A volta do acervo da Biblioteca Municipal “Zéca Batista” ao antigo endereço (Praça Americano do Brasil), não é unanimidade e recebe críticas


De acordo com o jornalista Henrique Duarte “o assunto é de interesse comunitário, especialmente para os que dependem de cadeira de rodas ou de aparelho auxiliar”. Ele relata que há cerca de cinco anos a Biblioteca foi adaptada a um imóvel alugado pela Prefeitura na Avenida Miguel João, depois de ficar, por algum tempo, no Centro Administrativo. O edifício, construído para sediar a instituição, no qual funcionou até o ano de 2001, na avaliação de Henrique Duarte, não oferecia condições mínimas de acessibilidade. Ele foi desocupado pelo então Prefeito Ernani de Paula, que instalou, em suas dependências, o programa denominado “Prefeitura 24 Horas”. Tempos depois, abrigou-se, ali, a Secretaria Municipal de Saúde.
Para o jornalista, “sem se entrar no mérito de erros ou acertos das administrações anteriores, a mudança foi providencial, porque levou o equipamento para recintos de piso térreo único. Agora, com o retorno da Biblioteca à Praça Americano do Brasil, percebe-se que o prédio continua da mesma forma. O primeiro e o segundo andares só têm acesso pelas escadarias. Não existem rampas nem elevadores” disse. De acordo com o jornalista, “o ideal seria uma rampa externa de pequeno ângulo que dê acesso aos dois pavimentos superiores”.

Questionamento
Henrique Duarte disse ao Contexto que “consultada a respeito, a Secretaria Municipal de Educação, à qual está vinculada a Biblioteca, adiantou que o Departamento de Braille foi instalado no térreo. Mas, permanece a indagação: e os cadeirantes, como deverão proceder para adentrarem ao recinto?” diz ele. Assegura, mais, que seria interessante e de utilidade pública, alertar os gestores municipais sobre o fato. E, se por ventura for irreversível a decisão, pelo menos que seja definido um prazo para construção de uma rampa adequada e que não desfigure o visual da Praça.

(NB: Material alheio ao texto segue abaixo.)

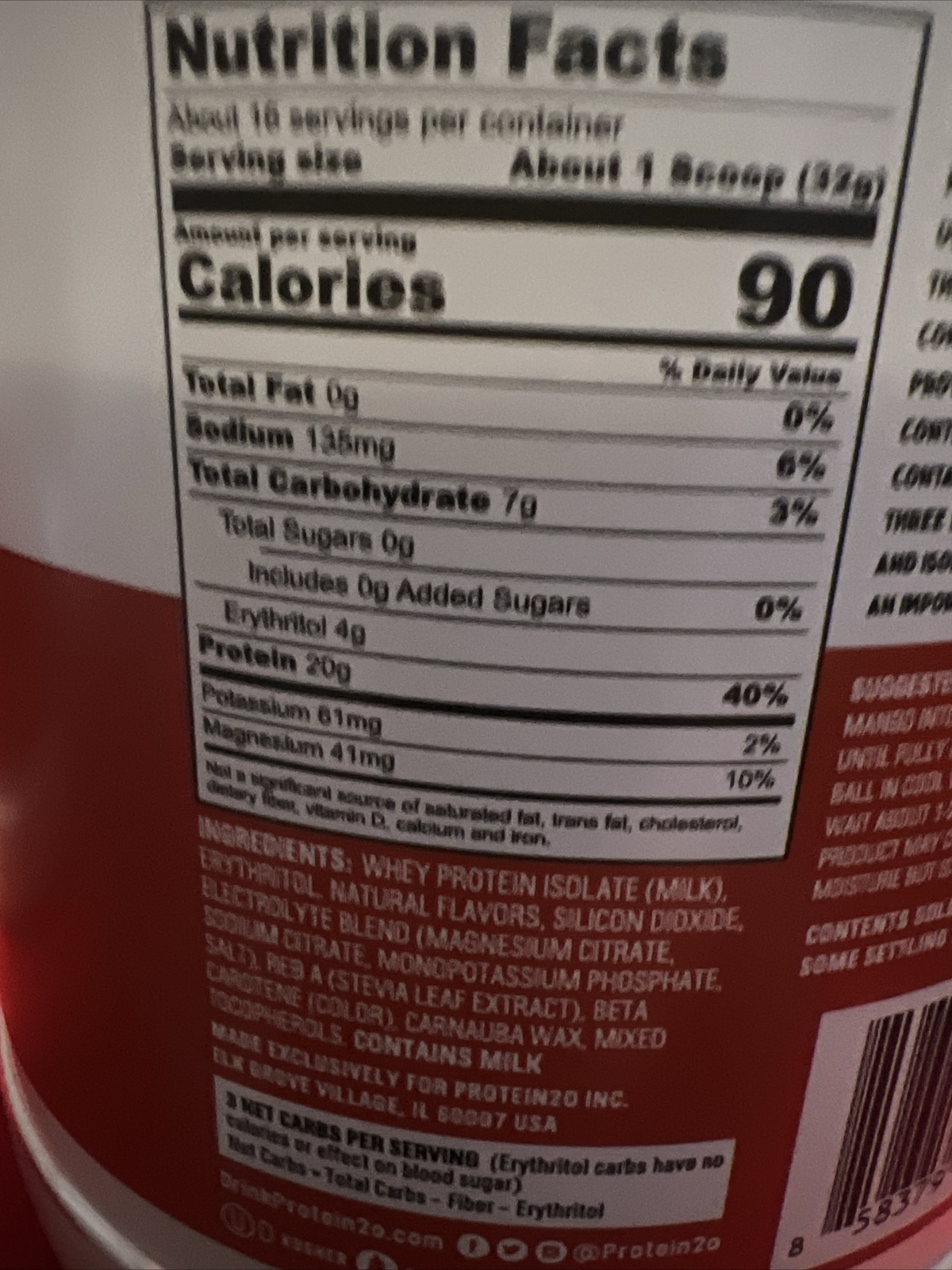 Protein2o Whey Protein Isolate Orange Mango Powder Exp 11/24 (2 TUB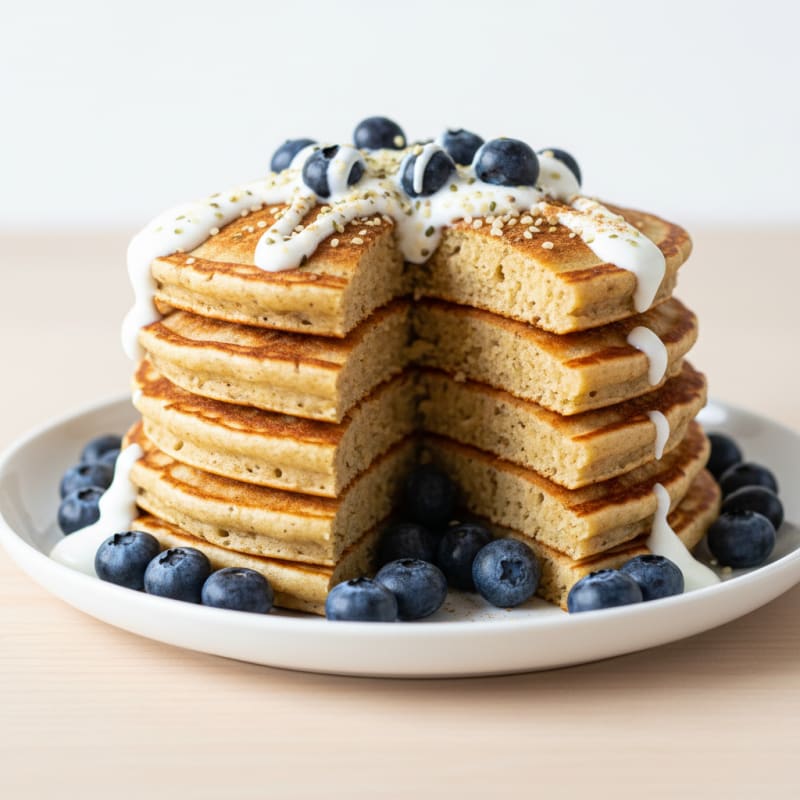 Fluffy Golden Protein Pancakes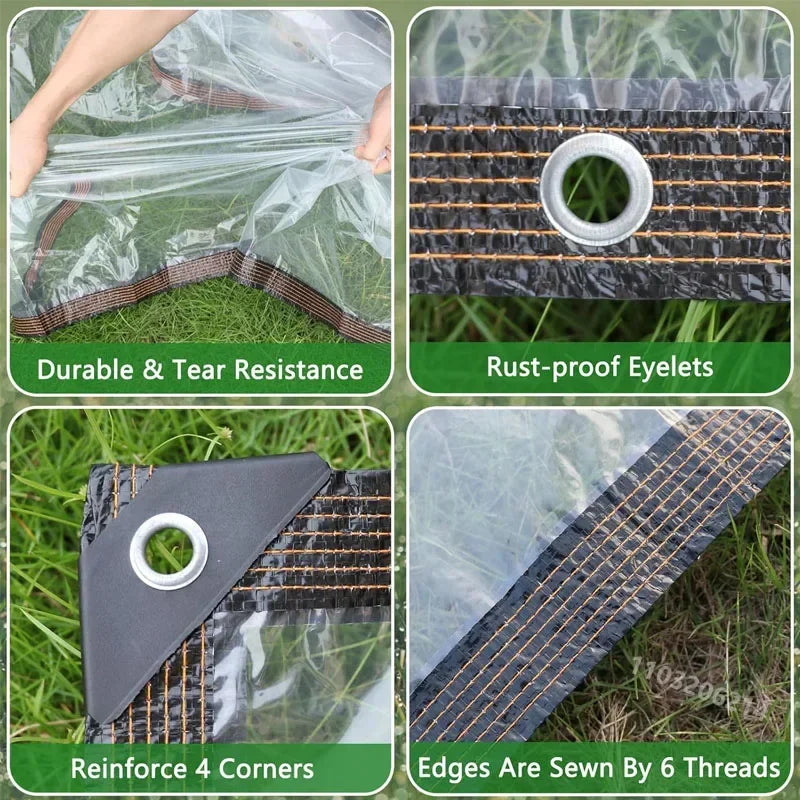 Viral Vault™ Thicken Transparent Waterproof Poly Tarp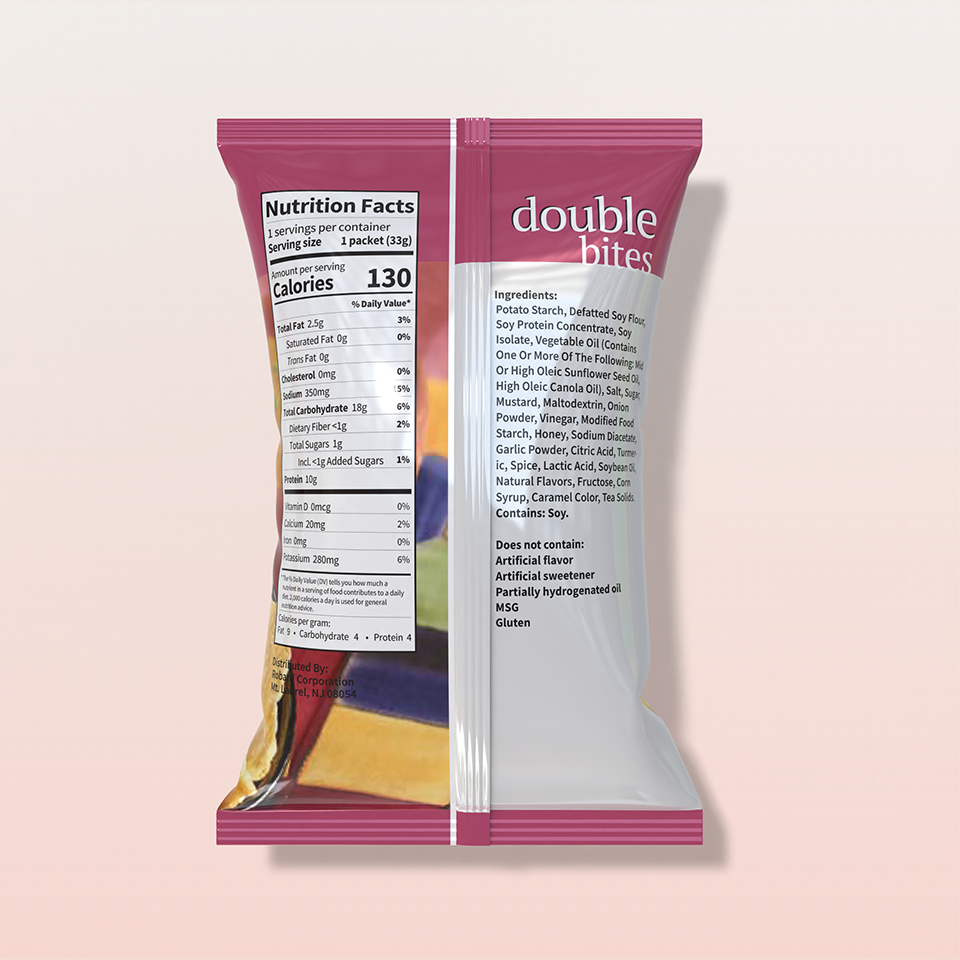 BestMed Double Bites High-Protein Chips, Honey Mustard (1ct)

Ele lembra que o edifício da Praça “Americano do Brasil”, foi construído em 1988, especialmente para abrigar a Biblioteca. “Na época em que foi edificado, ainda não se cogitava sobre os conceitos de acessibilidade, cidadania, meio ambiente etc. De fato, é um local que facilita mais a chegada dos usuários, por situar-se no centro da Cidade. Entretanto, da forma como está, dificulta a entrada dos portadores de necessidades especiais”, alega.
Concluindo, Henrique Duarte assegura que “o que a comunidade precisa é de um prazo estabelecido para a solução. Um elevador ajudaria, mas a rampa de concreto e, adequadamente construída, soluciona o problema de forma definitiva”. Para ele, a Praça “Americano do Brasil” tem espaço suficiente para uma rampa rente ao prédio, projetada de modo a ornamentar arquitetonicamente, não a desfigurando.